Il peut subordonner ces mesures à l’accomplissement par le débiteur d’actes propres à faciliter ou à garantir le paiement de la dette.
La décision du juge suspend les procédures d’exécution qui auraient été engagées par le créancier. Les majorations d’intérêts ou les pénalités prévues en cas de retard ne sont pas encourues pendant le délai fixé par le juge.
Toute stipulation contraire est réputée non écrite.
Les dispositions du présent article ne sont pas applicables aux dettes d’aliment. »
En l’espèce, sur le fondement des dispositions de l’article 1343-5 du code civil, Monsieur [Q] sollicite que lui soit octroyé des délais de paiement ; que les sommes correspondant aux échéances reportées portent intérêt au taux légal et que les paiement effectués s’imputent sur le capital. La CPAM affirme qu’une telle demande appartient exclusivement au directeur de la caisse.
S’il est exact que le directeur de CPAM dispose d’une compétence propre pour accorder des facilités de paiement, celle-ci s’inscrit dans un cadre précontentieux antérieur à toute demande d’exécution forcée et elle n’exclut pas le pouvoir du juge d’accorder des délais de paiement.

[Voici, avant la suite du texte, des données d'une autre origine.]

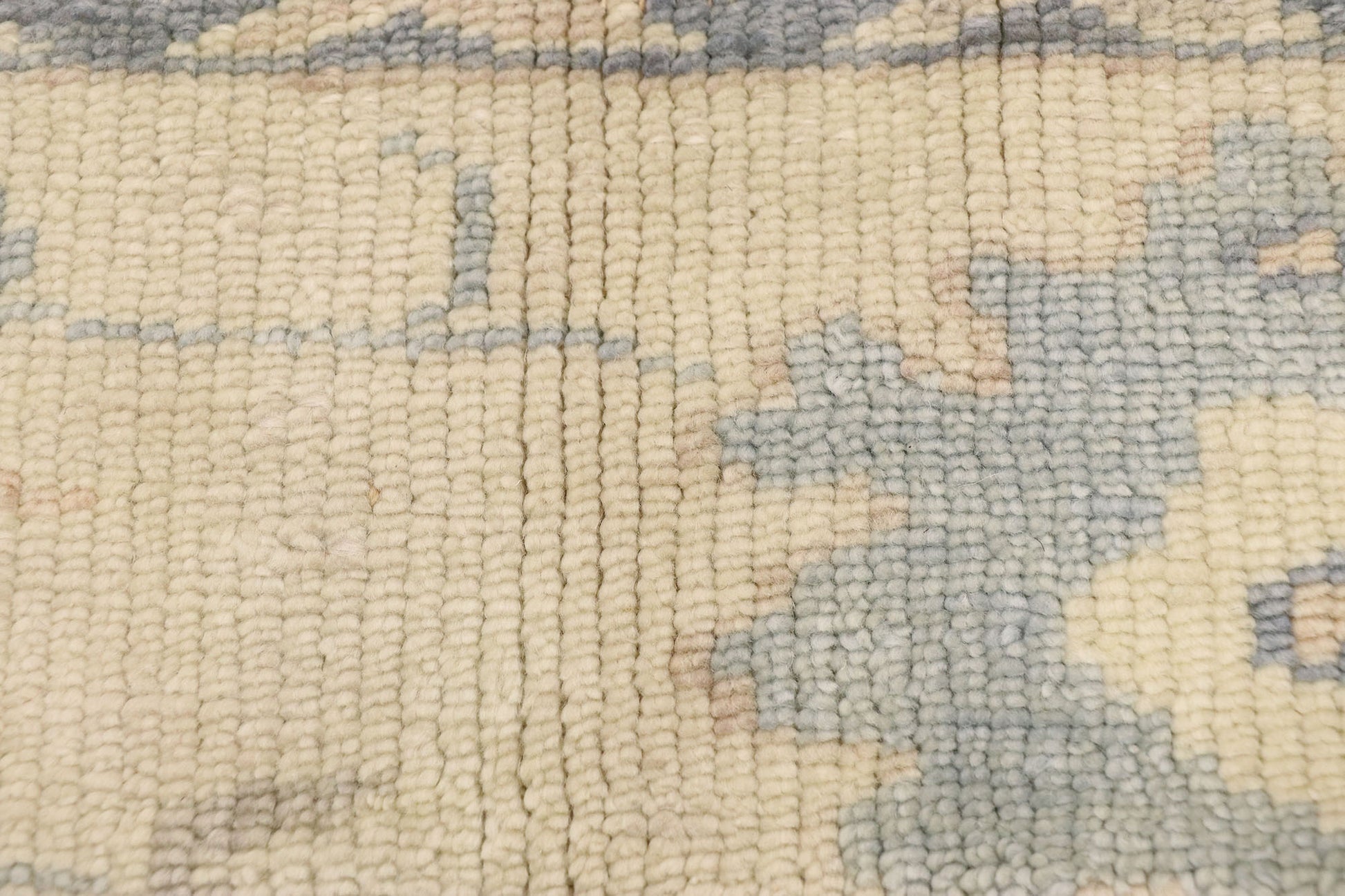 3 x 3 Modern Oushak Wagireh Rug 76716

Pour autant, la demande de délais de paiement sollicitée devant le juge de l’exécution suppose l’existence d’un commandement ou un acte de saisie au sens de l’article 510 du code de procédure civile.

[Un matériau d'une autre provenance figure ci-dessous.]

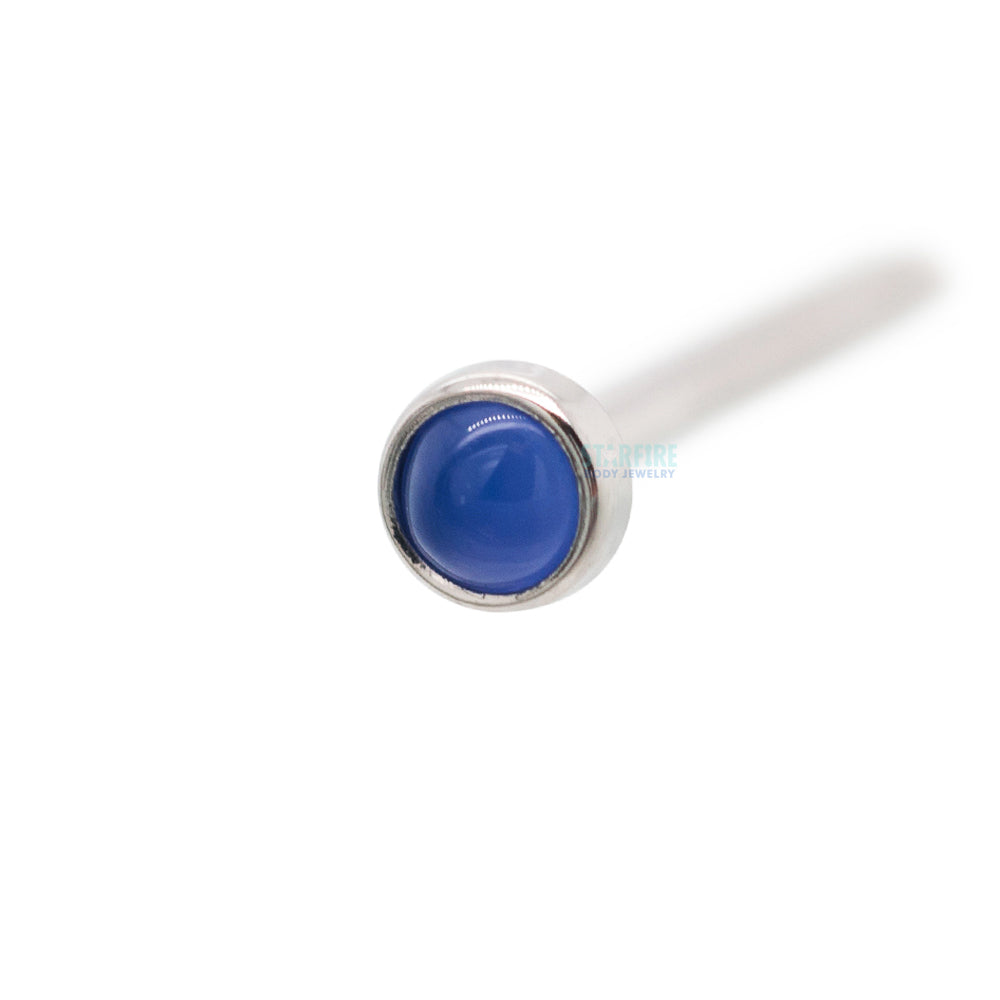 Demi Bezel-set Natural Stone Nostril Screw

En l’espèce, il n’est pas justifié de la signification d’un commandement de payer ni d’aucun acte de saisie pratiqué à l’encontre du demandeur en exécution du titre exécutoire.
Il s’ensuit que la demande de délais de paiement et celles accessoires formulées par Monsieur [Q] sont irrecevables.
Sur les autres demandes
Il résulte des dispositions de l’article 696 du code de procédure civile que la partie perdante est condamnée aux dépens, à moins que le juge, par décision motivée, n’en mette la totalité ou une fraction à la charge de l’autre partie.
En outre l’article 700 du même code prévoit que le juge condamne la partie tenue aux dépens ou, à défaut, la partie perdante, à payer à l’autre partie la somme qu’il détermine au titre des frais exposés et non compris dans les dépens. Le juge tient compte de l’équité ou de la situation économique de la partie condamnée. Il peut, même d’office, pour des raisons tirées des mêmes considérations, dire qu’il n’y a pas lieu à cette condamnation.
Monsieur [Q], partie perdante, subira les dépens et sera condamné au paiement d’une somme de 800 euros sur le fondement de l’article 700 du Code de procédure civile.
PAR CES MOTIFS
Le Juge de l’exécution statuant publiquement, par mise à disposition au greffe, par décision contradictoire et en premier ressort :
SE DECLARE incompétent pour statuer sur la demande de Monsieur [Q] tendant à voir constater l’irrégularité de la mesure pratiquée par la CPAM auprès de la CAF ;
DECLARE irrecevable la demande de délais de paiement formée par Monsieur [Q] ;
CONDAMNE Monsieur [Q] à payer à la CPAM de la Gironde la somme de 800 euros en application des dispositions de l’article 700 du code de procédure civile ;
REJETTE toutes les autres demandes ;
CONDAMNE Monsieur [Q] aux dépens de l’instance ;
RAPPELLE que la présente décision est exécutoire de droit à titre provisoire en application de l’article R 121-21 du code des procédures civiles d’exécution ;
La présente décision a été signée par le Juge de l’exécution et par le Greffier présent lors de sa mise à disposition.